I thought I'd start by reading a little list of some of the professions people have in The Mysterious Mysteries of the Aro Valley. Apart from the practical, everyday photographer or novelist, there’s an illiterate Archival Assistant, a Sufi Soup Cook, and an Imaginary Languages Poet. There are Cartographers — but they’re cultists. Druids officiate at funerals. There’s a Sheriff of Te Aro, to which I say 'Yee-Ha!' There's differential topologist, which I think is like non-computational geometrist, and has to be real since my niece is dating one. And there is my favourite character, a dog. A very professional dog, who offers a comprehensive description of the tasks and duties of a dog.
The
characters are busy in this book, they’re hellbent, but the book isn’t busy,
noisy, crowded, or antic — even in the midst of brilliant descriptions of antic
antics!
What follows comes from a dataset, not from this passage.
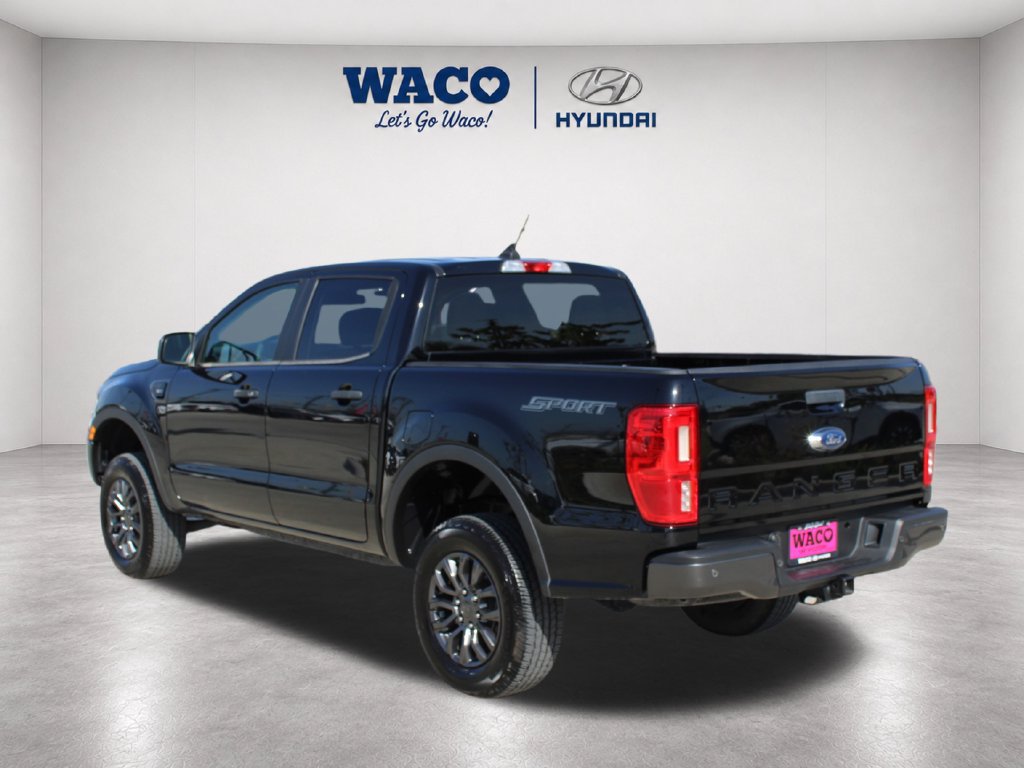 Used 2023 Ford Ranger XLT w/ Equipment Group 301A Mid RWD image 6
It is lively and forceful, but also deftly plotted, strongly real in it’s
evocation of the world of the senses; it is thematically shapely, and
purposeful in its transmission of the author’s feeling for life.
On a
cold winter night, Danyl, the perpetually pantsless hero of Unspeakable
Secrets of the Aro Valley, having fled a mental health institution, returns
to the valley on a bus. Danyl wants to find his girlfriend Verity. He wants
something to eat and a place to lay his head. But the Valley seems more
deserted and desolate than even midwinter rain could make it — and it’s not
just atmosphere, it’s plot, more plot than a cemetery, right from the start. Danyl
is the hero of the moment and, in Danyl speak, the moment has plans for him, no
matter what other plans his brain might be entertaining, and it should be noted
that Danyl’s brain is a distinct entity from Danyl himself — which I know is an
experience we all share. Danyl’s brain might zap him, prod him to pay attention
to things, but tends to fall ominously silent whenever he's having a good idea.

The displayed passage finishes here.